Linear motion is when an object moves on a straight line.There are two types of linear motion: uniform linear motion (when the acceleration is zero and the velocity is constant) and non uniform linear motion (when the acceleration isn't zero and the velocity is varriable).

## Uniform Linear Motion

In uniform linear motion the velocity is constant so the kinematic equations are:

$v = \frac{\Delta x}{\Delta t}$ (1.1)

$x = v\Delta t$ (1.2)

$t = \frac{\Delta x}{v}$ (1.3)

## Non-Uniform Linear Motion

In non-uniform motion the velocity isn't constant since there is some acceleration $a$.

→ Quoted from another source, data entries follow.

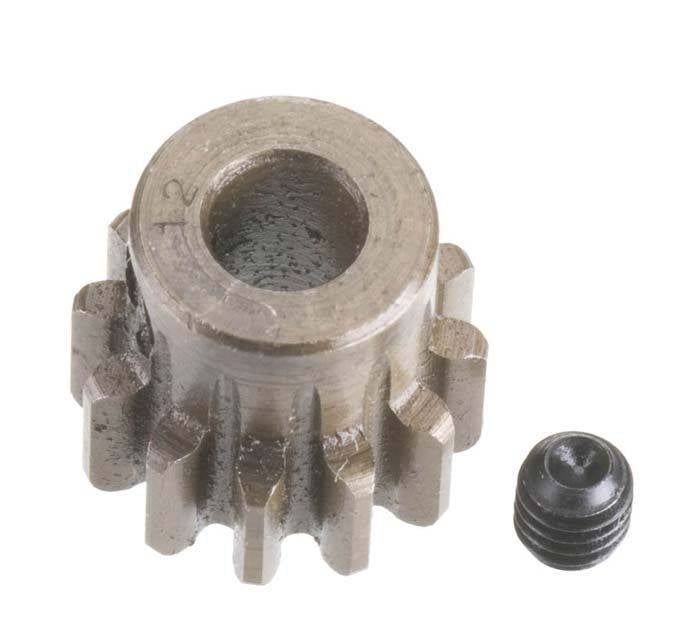 RRP1212 MOD1 PINION GEAR 12T (5MM BORE): EXTRA HARDENED STEEL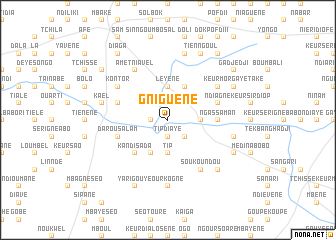 map of Gniguène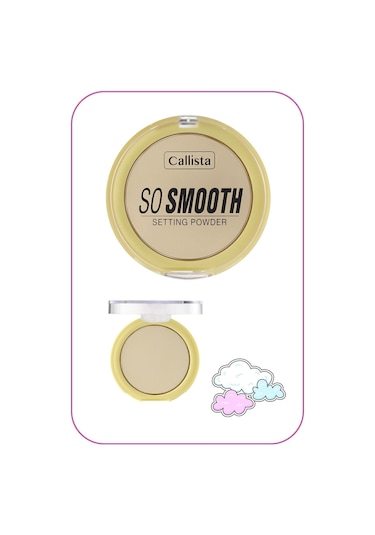 Callista So Smooth Setting Powder Makyaj Sabitleyici Toz Pudra - 02 Going Bananas - Sarı Alt Ton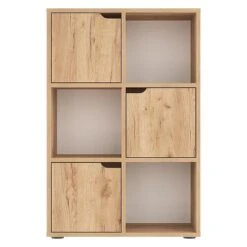 Βιβλιοθήκη Bookel Pakoworld μελαμίνης σε Oak απόχρωση 59.5x27.5x89εκ 7 Βιβλιοθήκη Bookel Pakoworld μελαμίνης σε Oak απόχρωση 59.5x27.5x89εκ -Vougioukas vivliothiki bookel pakoworld melaminis se oak apochrosi 59 5 27 5 89ek 2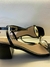 Salto preto com detalhe em gota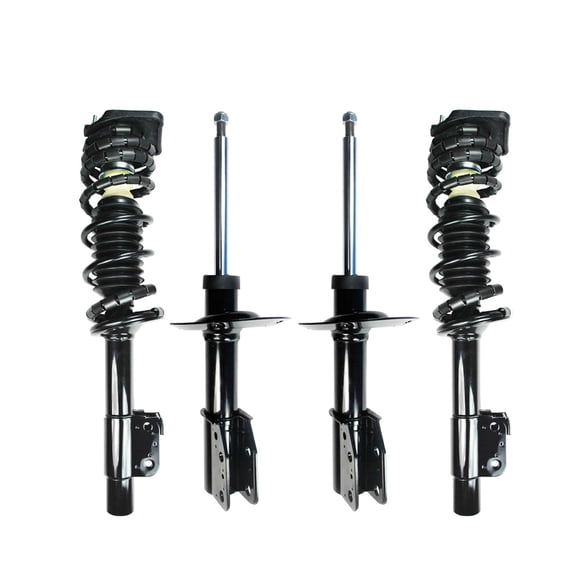 Set 4 Front Strut - Rear Quick Complete Strut For 1998 - 2003 Chevrolet Malibu
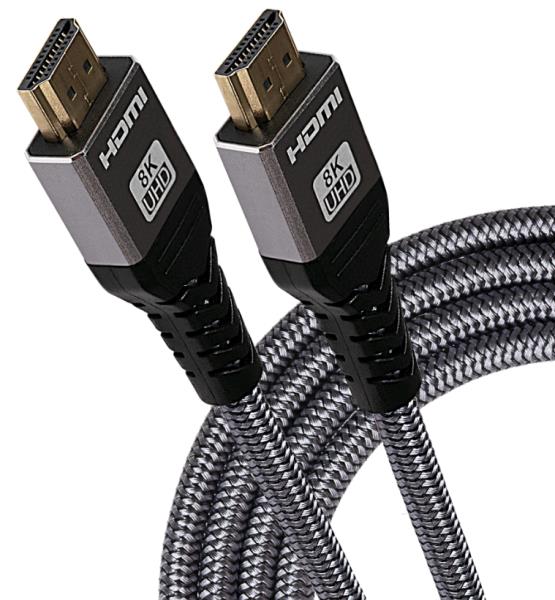HDMI to HDMI Cable V2.0 4K Ultra HD 60fps Braided with Ethernet - 1.5m thumbnail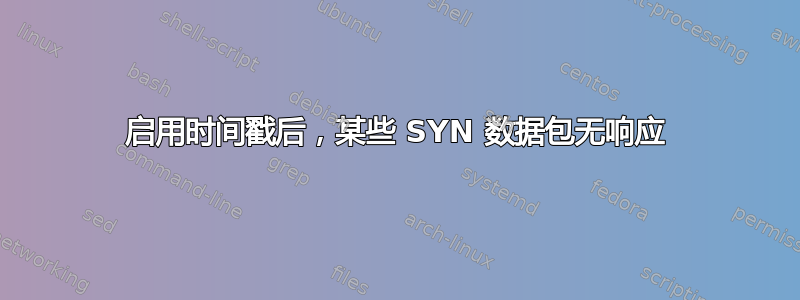 启用时间戳后，某些 SYN 数据包无响应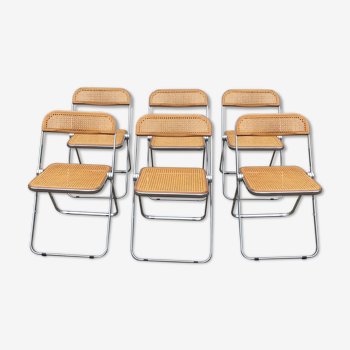 6 plia chairs by Giancarlo Piretti, Castelli circa 1967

The kinematic equations for constant acceleration are:

$v_f = v_i + at$ (2.1)

$x = v_it + \frac{1}{2}at^2$ (2.2)

Here,

$v_i$ is the initial speed,

$v_f$ is the final speed,

$t$ is the time

$a$ is the acceleration (it can be either positive or negative)

## Mathematical proof for the above formulas

$a = \frac{dv}{dt}$

$dv = adt$

$\textstyle \int\limits_{v_i}^{v_f} dv = \textstyle \int\limits_{0}^{t} adt$

$v_f - v_i = at$

$v_f = v_i + at$ (2.1)

$v = \frac{dx}{dt}$

$\frac{dx}{dt} = v_i + at$ (from (2.1))

$dx = (v_i + at)dt$

$\textstyle \int\limits_{0}^{x} dx = \textstyle \int\limits_{0}^{t}(v_i + at)dt$

$x = v_it + \frac{1}{2}at^2$ (2.2)